GOAL OF THE EXERCISE – Within the listing below, give again exactly the lines between the one containing "Geographical proximity could" and the one containing "A side view", inclusive, pictures left aside.

SUPPLIED INFORMATION –
-=-=-

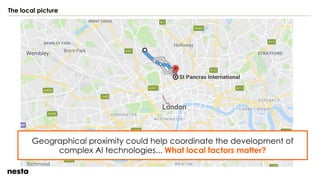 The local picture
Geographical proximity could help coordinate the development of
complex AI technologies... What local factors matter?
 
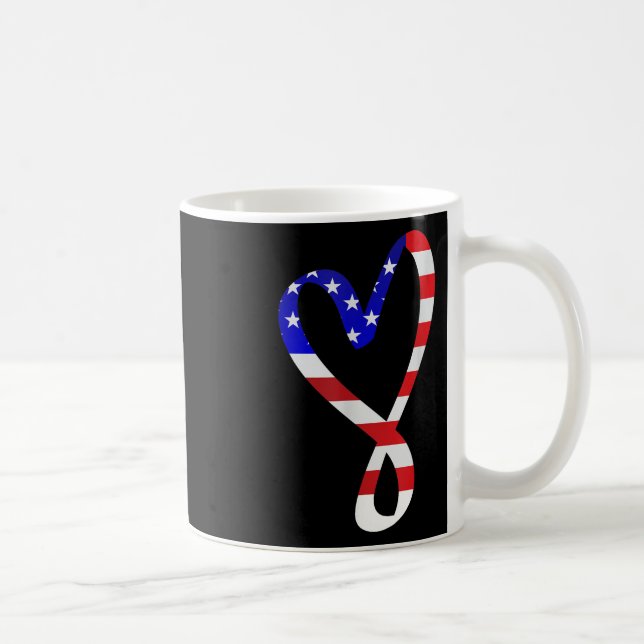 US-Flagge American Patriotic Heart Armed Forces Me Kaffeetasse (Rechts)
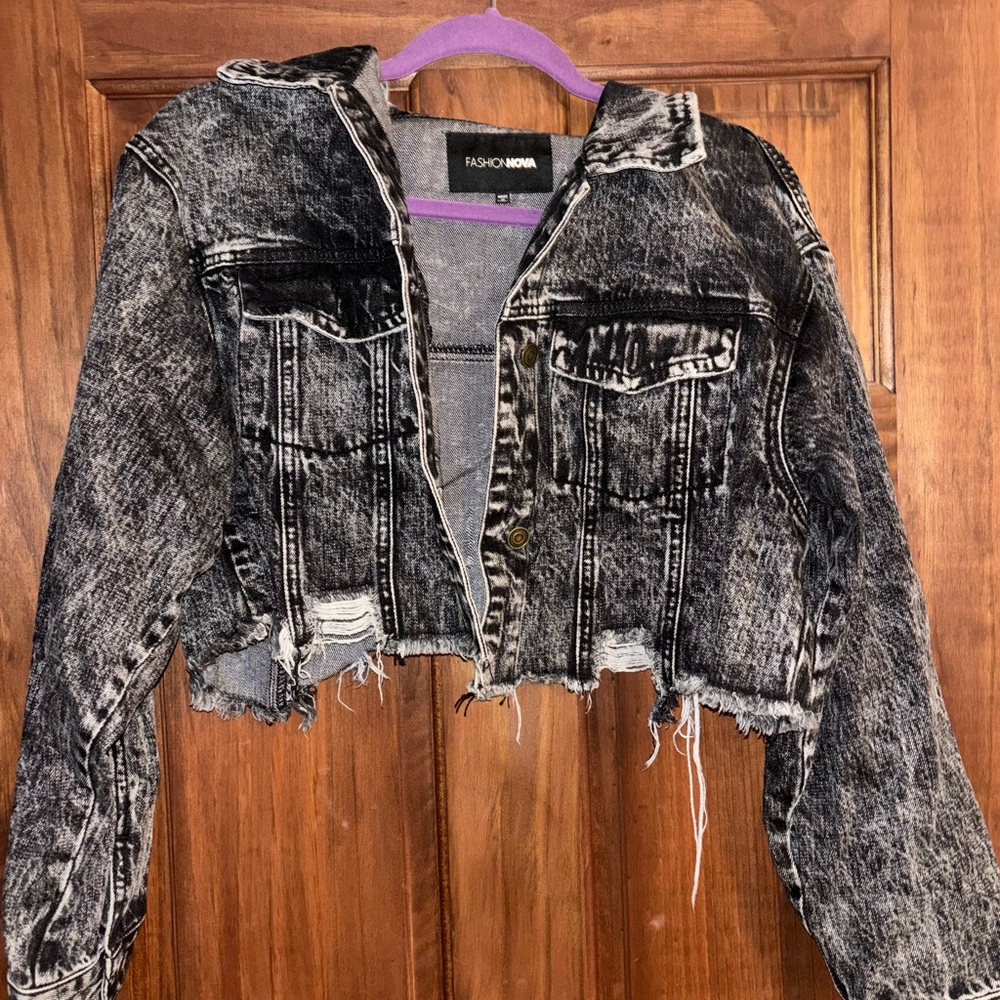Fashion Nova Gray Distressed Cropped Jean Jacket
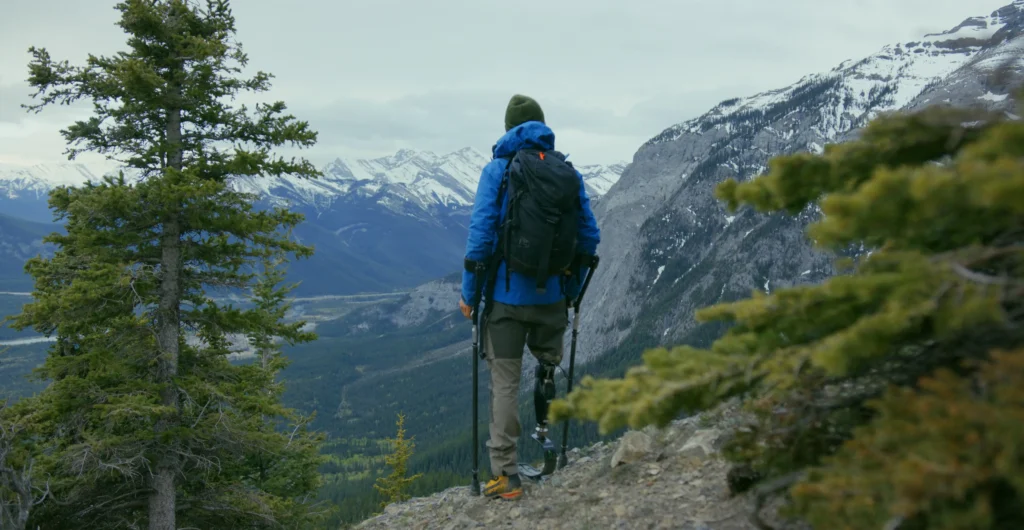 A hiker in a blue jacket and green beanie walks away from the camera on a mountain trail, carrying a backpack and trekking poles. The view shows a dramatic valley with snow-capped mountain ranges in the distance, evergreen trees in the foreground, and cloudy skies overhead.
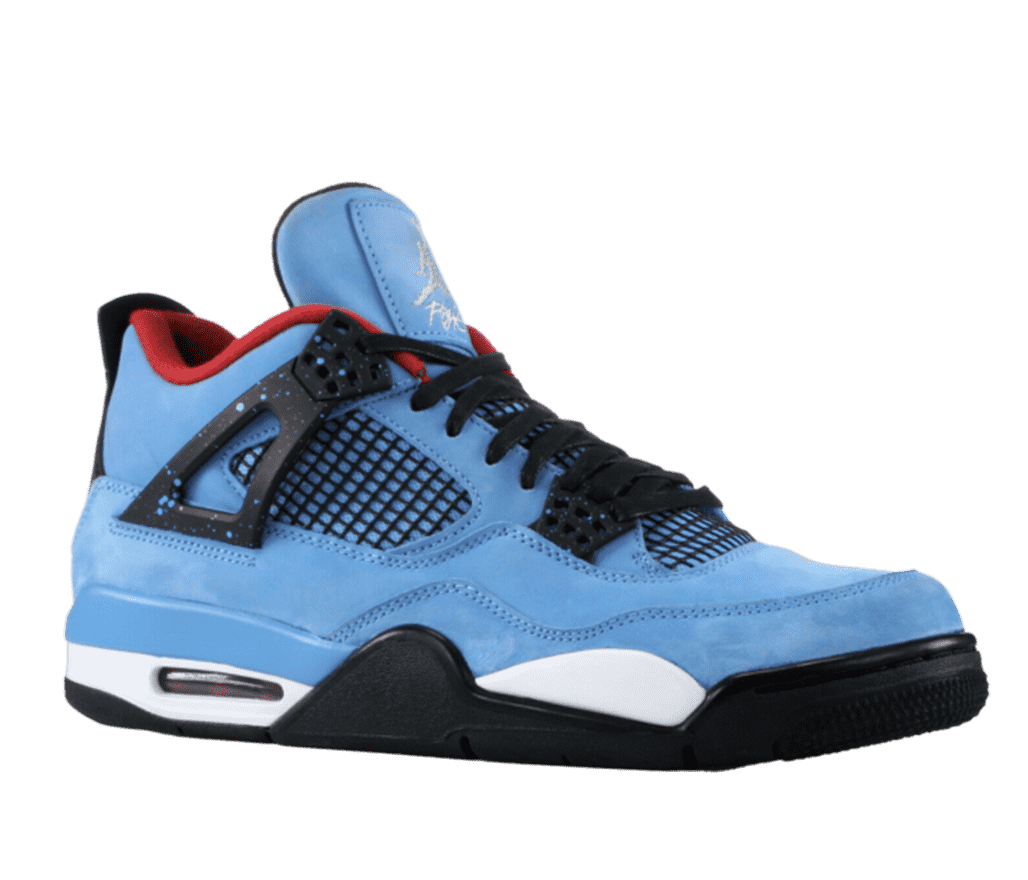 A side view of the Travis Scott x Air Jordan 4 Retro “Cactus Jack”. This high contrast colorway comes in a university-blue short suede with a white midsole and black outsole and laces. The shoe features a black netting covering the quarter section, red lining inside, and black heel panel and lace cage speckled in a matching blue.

-=-=-

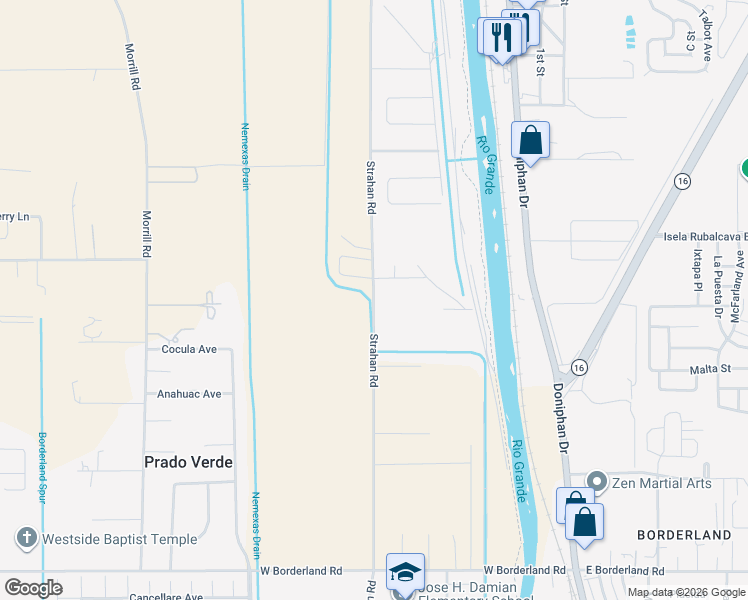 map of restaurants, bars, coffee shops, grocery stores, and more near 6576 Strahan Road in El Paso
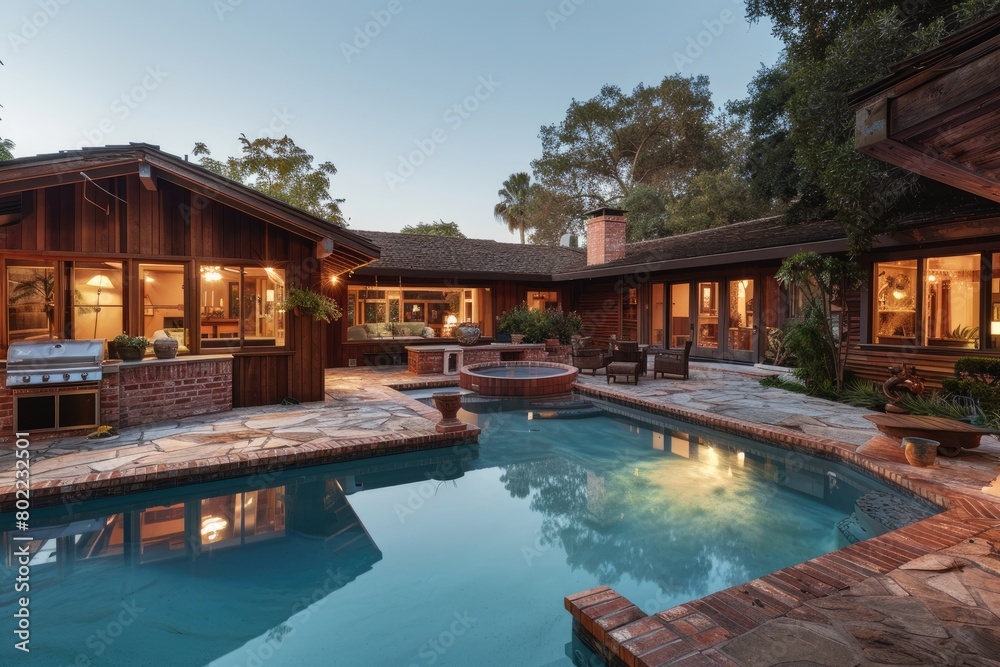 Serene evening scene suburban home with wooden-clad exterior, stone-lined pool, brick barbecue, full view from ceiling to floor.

-=-=-

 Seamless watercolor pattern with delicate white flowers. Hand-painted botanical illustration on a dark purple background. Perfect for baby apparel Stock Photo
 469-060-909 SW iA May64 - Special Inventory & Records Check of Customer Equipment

-=-=-

FINISHED TASK –
Geographical proximity could help coordinate the development of
complex AI technologies... What local factors matter?
 
 US-Flagge American Patriotic Heart Armed Forces Me Kaffeetasse (Rechts)
Fashion Nova Gray Distressed Cropped Jean Jacket
 A hiker in a blue jacket and green beanie walks away from the camera on a mountain trail, carrying a backpack and trekking poles. The view shows a dramatic valley with snow-capped mountain ranges in the distance, evergreen trees in the foreground, and cloudy skies overhead.
 A side view of the Travis Scott x Air Jordan 4 Retro “Cactus Jack”. This high contrast colorway comes in a university-blue short suede with a white midsole and black outsole and laces. The shoe features a black netting covering the quarter section, red lining inside, and black heel panel and lace cage speckled in a matching blue.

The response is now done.